When Kenneth Clark, whose research informed the Brown v. Board of Education decision, testified before the Kerner Commission, he saw history repeating itself. "I read the report of the 1919 riot in Chicago, and it is as if I were reading the report of the investigating committee of the Harlem riot of 1935, the report of the investigating committee of the Harlem riot of 1943, the report of the McCone Commission on the Watts riot [of 1965]," he wrote, doubting that yet another report would make any difference. "I must again in candor say to you members of the Commission - it is a kind of Alice in Wonderland with the same moving picture reshown over and over again, the same analysis, the same recommendations, and the same inaction."
Over the past 50 years, Clark's "moving picture" of police brutality and corruption investigations is still being shown, from New York's Mollen Commission (1994) to the Los Angeles Rampart investigation (2000). Federal consent decrees and Justice Department reports continue to document in city after city a "pattern and practice" of unconstitutional policing: Pittsburgh (1997), Cincinnati (2001), Detroit (2003), New Orleans (2010), Seattle (2010), Cleveland (2012), East Haven, Connecticut(2012), New York (2013), Albuquerque, Arizona (2014), Portland, Oregon (2014), Baltimore (2015), Los Angeles (2015), Newark, New Jersey (2015) and Chicago (2017).
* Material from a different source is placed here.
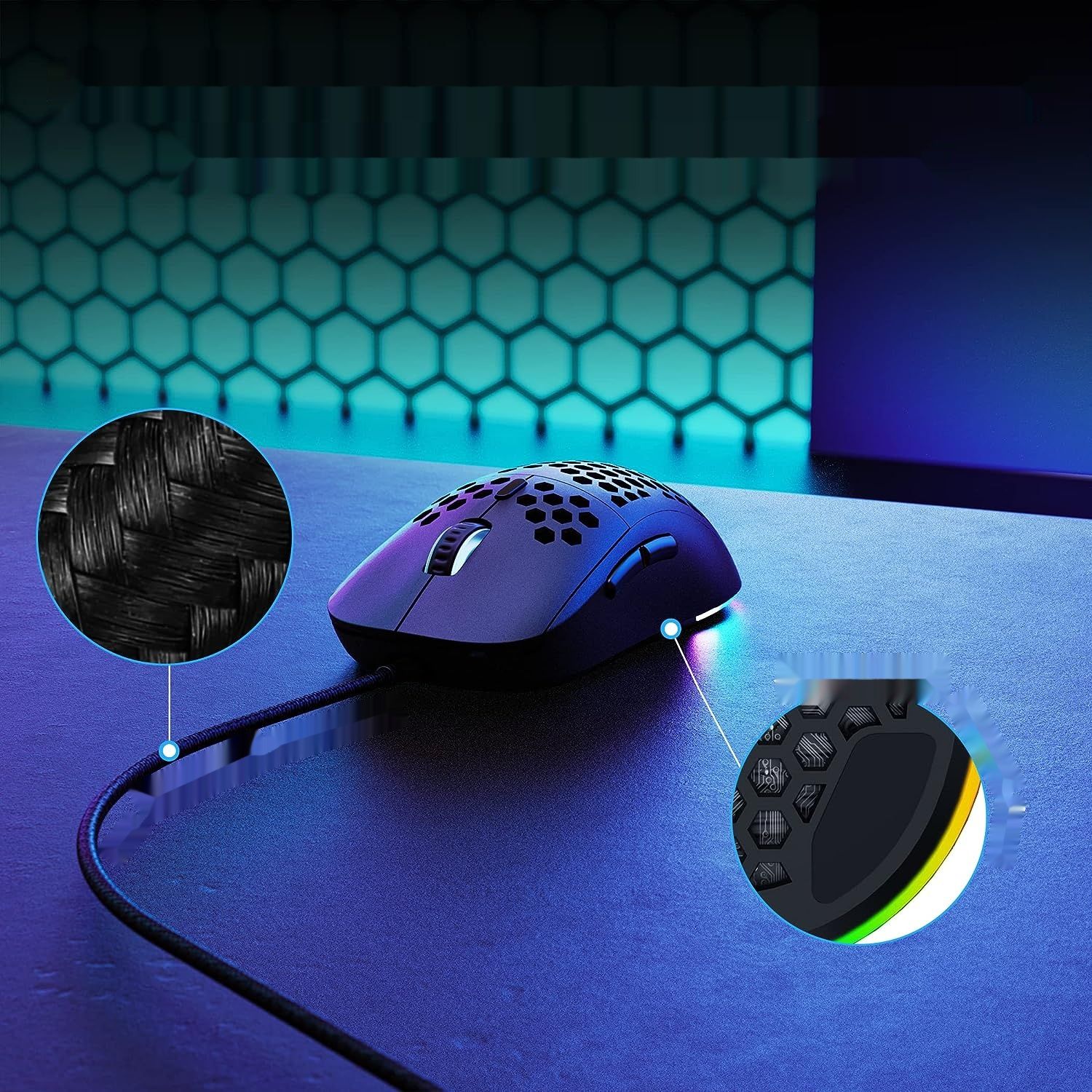 TMKB M1se Gaming Mouse, 12800 DPI, 6 programowalnych przycisków, RGB, czarna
Despite the century-long trail of evidence of a systemic policing problem, the most influential police leader today insists there isn't one.
Two years ago, America's top cop, William Bratton, who led six police departments from New York to Los Angeles and back again during his five-decade career, gave a speech at the Heritage Foundation in which he directly repudiated the Kerner Commission findings. "They believed at the time that the causes of crime were racism, were poverty, were police practices in many instances, unemployment, demographics. They thought those were the causes. They were not. They are not. And they never have been." The problem is criminals, he insisted.
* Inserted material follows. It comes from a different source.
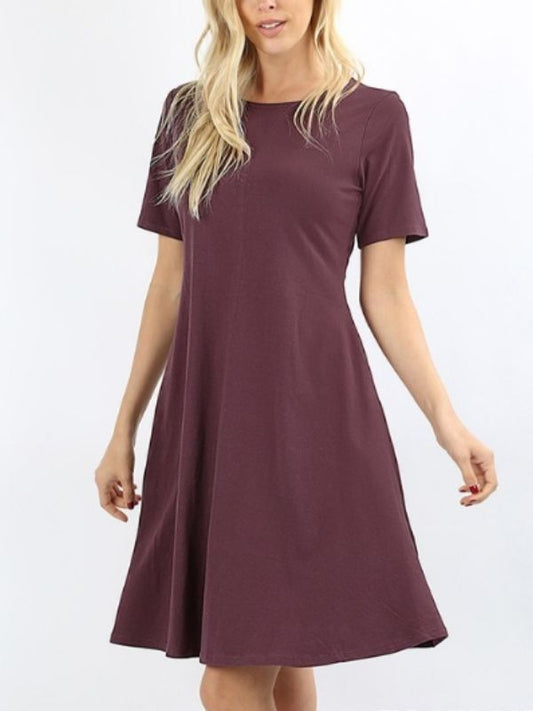 a-line dress plum color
Since Bratton's retirement, 32 Blue Lives Matter bills have been proposed in 14 states. In Louisiana and Kentucky, successful bills added police to existing hate crimes laws. These laws falsely equate doing a job, even if at times a dangerous one, with living in one's own skin. But there are no blue lives. Blue is not a shade of humanity. This is a blue backlash.
If police cannot yet police themselves, as the past and present make clear, what is the alternative?
Even before African Americans began insisting on fairness, racial justice and police accountability a century ago, white progressives had already started achieving these goals in white urban America, particularly in poor neighborhoods and immigrant slums. First, they rejected anti-immigrant profiling and rooted out "brutal policemen." Then they treated crime as a poverty problem, prioritizing reform outside the scope of policing. In white communities, from the Progressive Era to the New Deal and beyond, they built a new and improved social and economic infrastructure: better housing, enhanced labor protections and higher-paying jobs.
They did for first- and second-generation Irish and Italian immigrants what black southern migrants wanted in Chicago all along.
"The time has come when the police of this city must be made to realize that the constitutional rights of the commonest citizen cannot be trampled upon with impunity," prominent black attorney Roy Woods said in 1925. "The time has come for a redistribution of justice."
Khalil Gibran Muhammad is professor of history, race and public policy at the Harvard Kennedy School and author of “The Condemnation of Blackness: Race, Crime and the Making of Modern Urban America.” This essay is adapted from a second edition published this month.